|

The Drawbacks of Synthetic Data in AI Development

Using fake data is “not a panacea” to the security woes these models face.

Photo of synthetic image data
Photo by FotografieLink via iStock

Sign up for smart news, insights, and analysis on the biggest financial stories of the day.

There’s no question that AI models are data hungry. But think twice before using synthetics to satiate them. 

Synthetic data can be an incredibly helpful tool in the development of AI models – if used in the appropriate context.
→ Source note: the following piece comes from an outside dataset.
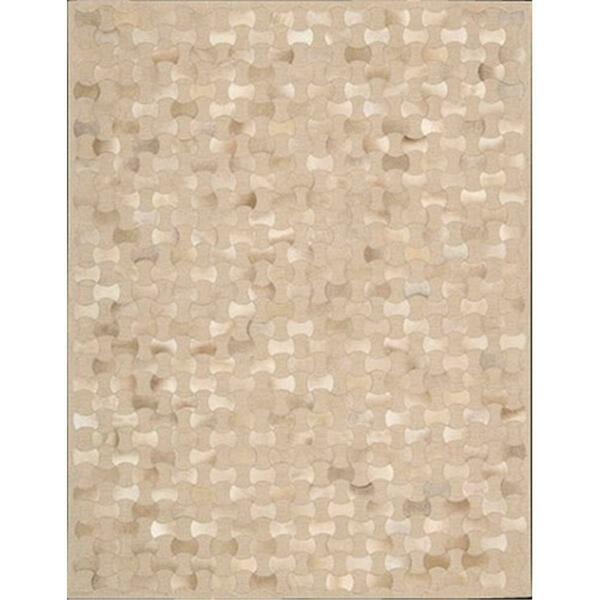 Joseph Abboud Joab2 Chicago Area Rug Collection Beige 3 Ft 6 In. X 5 Ft 6 In. Rectangle 99446085313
While the fact that this data isn’t based on real users or situations can help the data privacy issues that AI models often face, it has its drawbacks.

Let’s start with the good stuff. For one, it’s really easy to create good synthetic data that captures many aspects of the authentic data that it’s based on, said Bob Rogers, Ph.D., the co-founder of BeeKeeperAI and CEO of Oii.ai. That ease can be particularly helpful in contexts where regulatory hurdles using real data slow AI development, he said, such as finance. 

“A synthetic set is a great way to make sure all the pieces connect,” said Rogers. “It’s not a panacea, but it certainly gets you past certain kinds of hurdles.” 

However, while this data is “secure to a certain point,” it takes a “certain amount of sophistication to make a good synthetic set that captures the elements you need,” said Rogers. But the more sophisticated this data gets, the closer it mimics authentic data. 

  • Think of it like a sliding scale: On one end, you have synthetic data that’s not detailed and doesn’t closely display the features of the authentic data. While this synthetic data is safer to use, it’s usually not particularly useful, said Rogers. 
  • The other end of the scale, however, is synthetic data that so closely mimics its origins that it “basically exposes everything,” said Rogers. Though this is far more useful than less-detailed data, it raises security risks. 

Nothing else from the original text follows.